Mostly inspired by the comments in the post on Plans not being optimization.
When alignment researchers think about corrigibility and values do they think of values more in terms of states and corrigibility as process?
Mostly inspired by the comments in the post on Plans not being optimization.
When alignment researchers think about corrigibility and values do they think of values more in terms of states and corrigibility as process?
I mostly don’t think about corrigibility. But when I do, it’s generally to label departures from an AI having agenty structure. Some people like to think about corrigibility in terms of stimulus-response patterns, or behavioral guarantees, or as a grab-bag of doomed attempts to give orders to something smarter than you without understanding it. These are all fine too.
I definitely think about values more in terms of abstract states. By “abstract” I mean that states don’t have to be specific states of the universe’s quantum wavefunction, they can be anything that fills the role of “state” in a hierarchical set of models of the world.
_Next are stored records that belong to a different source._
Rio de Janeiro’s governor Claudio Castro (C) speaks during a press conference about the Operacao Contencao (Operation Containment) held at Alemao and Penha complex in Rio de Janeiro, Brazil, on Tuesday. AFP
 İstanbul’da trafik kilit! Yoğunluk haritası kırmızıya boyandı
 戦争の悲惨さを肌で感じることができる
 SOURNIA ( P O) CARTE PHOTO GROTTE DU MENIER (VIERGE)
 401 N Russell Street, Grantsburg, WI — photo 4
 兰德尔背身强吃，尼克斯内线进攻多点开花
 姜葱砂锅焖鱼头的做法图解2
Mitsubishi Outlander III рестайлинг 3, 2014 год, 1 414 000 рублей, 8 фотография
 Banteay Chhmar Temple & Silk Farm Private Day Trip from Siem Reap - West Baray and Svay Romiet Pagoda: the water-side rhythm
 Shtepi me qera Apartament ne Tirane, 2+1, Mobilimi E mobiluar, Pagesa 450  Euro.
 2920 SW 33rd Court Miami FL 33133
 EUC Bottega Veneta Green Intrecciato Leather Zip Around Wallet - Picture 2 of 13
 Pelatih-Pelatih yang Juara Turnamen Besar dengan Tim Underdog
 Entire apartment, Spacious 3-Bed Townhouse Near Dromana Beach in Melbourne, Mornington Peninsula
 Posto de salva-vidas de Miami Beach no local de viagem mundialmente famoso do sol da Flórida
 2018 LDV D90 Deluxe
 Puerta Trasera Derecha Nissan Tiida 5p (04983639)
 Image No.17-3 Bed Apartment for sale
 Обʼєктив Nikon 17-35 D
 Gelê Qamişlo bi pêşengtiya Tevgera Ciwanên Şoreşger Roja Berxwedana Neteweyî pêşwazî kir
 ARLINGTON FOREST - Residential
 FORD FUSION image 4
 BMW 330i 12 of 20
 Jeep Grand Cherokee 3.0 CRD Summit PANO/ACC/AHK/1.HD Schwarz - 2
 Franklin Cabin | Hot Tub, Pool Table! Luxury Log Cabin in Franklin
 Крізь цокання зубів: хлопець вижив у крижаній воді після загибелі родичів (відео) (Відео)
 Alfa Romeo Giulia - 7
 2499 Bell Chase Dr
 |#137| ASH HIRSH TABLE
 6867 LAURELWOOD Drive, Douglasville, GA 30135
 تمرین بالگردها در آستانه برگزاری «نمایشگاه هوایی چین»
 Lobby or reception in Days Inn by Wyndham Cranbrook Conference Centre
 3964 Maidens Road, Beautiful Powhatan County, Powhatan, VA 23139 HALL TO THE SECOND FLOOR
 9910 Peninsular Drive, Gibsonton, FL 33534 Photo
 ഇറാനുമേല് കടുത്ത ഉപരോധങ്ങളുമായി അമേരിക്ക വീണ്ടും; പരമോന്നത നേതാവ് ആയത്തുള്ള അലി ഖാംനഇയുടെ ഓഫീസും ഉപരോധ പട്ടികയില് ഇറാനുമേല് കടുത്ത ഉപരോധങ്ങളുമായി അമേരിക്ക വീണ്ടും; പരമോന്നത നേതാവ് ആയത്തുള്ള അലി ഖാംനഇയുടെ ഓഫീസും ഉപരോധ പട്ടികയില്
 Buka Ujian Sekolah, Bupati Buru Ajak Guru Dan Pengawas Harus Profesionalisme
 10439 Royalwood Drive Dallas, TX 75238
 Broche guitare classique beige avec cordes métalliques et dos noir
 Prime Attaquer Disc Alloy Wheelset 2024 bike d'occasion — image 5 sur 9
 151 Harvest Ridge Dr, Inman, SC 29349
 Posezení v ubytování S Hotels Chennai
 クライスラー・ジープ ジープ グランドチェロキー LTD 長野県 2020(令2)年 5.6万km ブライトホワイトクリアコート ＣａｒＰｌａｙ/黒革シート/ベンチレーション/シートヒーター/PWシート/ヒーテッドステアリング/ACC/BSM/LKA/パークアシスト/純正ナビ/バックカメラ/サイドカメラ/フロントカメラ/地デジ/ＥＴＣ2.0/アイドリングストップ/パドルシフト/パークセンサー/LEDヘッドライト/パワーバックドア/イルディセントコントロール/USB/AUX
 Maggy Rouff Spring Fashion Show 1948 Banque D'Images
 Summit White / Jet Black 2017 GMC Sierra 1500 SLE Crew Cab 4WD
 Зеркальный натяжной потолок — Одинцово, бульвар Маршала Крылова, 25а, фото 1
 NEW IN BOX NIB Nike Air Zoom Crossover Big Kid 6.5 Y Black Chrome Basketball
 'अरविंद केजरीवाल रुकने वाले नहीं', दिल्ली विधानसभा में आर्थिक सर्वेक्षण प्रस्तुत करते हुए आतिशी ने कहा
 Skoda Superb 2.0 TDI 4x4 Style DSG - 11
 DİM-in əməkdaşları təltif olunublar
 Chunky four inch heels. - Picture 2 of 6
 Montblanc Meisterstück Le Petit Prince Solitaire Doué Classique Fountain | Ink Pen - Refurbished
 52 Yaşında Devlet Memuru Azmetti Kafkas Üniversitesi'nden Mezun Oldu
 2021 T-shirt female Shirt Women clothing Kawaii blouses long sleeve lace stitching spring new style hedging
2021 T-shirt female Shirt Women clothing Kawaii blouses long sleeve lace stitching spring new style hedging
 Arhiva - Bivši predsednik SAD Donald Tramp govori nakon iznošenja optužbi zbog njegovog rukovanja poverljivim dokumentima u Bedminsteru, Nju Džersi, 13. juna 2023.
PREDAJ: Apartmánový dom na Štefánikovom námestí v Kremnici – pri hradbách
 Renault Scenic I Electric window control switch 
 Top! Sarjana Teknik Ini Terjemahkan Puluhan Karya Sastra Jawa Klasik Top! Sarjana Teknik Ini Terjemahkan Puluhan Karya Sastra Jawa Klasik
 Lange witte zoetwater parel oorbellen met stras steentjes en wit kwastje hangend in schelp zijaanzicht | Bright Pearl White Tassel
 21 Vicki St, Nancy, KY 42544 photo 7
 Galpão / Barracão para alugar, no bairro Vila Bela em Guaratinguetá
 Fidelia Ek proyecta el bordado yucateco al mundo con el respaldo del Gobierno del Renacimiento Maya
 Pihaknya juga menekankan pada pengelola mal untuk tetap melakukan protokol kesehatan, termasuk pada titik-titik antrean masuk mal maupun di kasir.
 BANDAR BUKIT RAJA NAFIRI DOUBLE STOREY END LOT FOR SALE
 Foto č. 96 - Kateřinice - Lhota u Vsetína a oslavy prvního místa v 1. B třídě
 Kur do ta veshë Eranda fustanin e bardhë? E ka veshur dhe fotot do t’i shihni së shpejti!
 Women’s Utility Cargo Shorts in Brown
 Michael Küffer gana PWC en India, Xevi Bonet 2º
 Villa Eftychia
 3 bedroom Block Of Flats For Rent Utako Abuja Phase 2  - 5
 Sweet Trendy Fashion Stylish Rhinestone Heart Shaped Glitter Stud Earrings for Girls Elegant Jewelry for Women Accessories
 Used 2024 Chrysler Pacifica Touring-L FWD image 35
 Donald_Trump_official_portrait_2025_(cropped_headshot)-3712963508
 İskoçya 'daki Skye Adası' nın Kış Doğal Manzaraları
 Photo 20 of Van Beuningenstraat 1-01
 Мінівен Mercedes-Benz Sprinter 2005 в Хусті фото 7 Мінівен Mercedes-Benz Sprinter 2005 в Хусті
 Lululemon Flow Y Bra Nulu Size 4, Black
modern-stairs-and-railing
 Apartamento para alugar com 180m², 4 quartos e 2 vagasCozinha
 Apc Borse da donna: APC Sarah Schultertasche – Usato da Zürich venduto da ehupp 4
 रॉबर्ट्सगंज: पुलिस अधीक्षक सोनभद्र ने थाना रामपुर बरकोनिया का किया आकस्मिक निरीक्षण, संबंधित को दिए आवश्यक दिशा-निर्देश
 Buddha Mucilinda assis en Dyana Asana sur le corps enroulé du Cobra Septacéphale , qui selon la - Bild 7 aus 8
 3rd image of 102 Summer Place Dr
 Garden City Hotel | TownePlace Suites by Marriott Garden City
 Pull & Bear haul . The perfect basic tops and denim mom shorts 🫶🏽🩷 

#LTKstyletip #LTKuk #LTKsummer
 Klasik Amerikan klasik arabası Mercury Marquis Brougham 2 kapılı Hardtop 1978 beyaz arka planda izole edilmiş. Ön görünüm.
It’s not that I’m hardcore committed to an AI never learning values that are about process. But I tend to think of even those in terms of state—as the AI having a model of itself and its own decision-making that it can control variables of like “how do I make decisions?” (Or even as vague as “Am I being good and just?”)
Basically this is because I think that some state-based preferences are really important, and once you have those, deontological rules that have no grounding in state whatsoever are unnatural.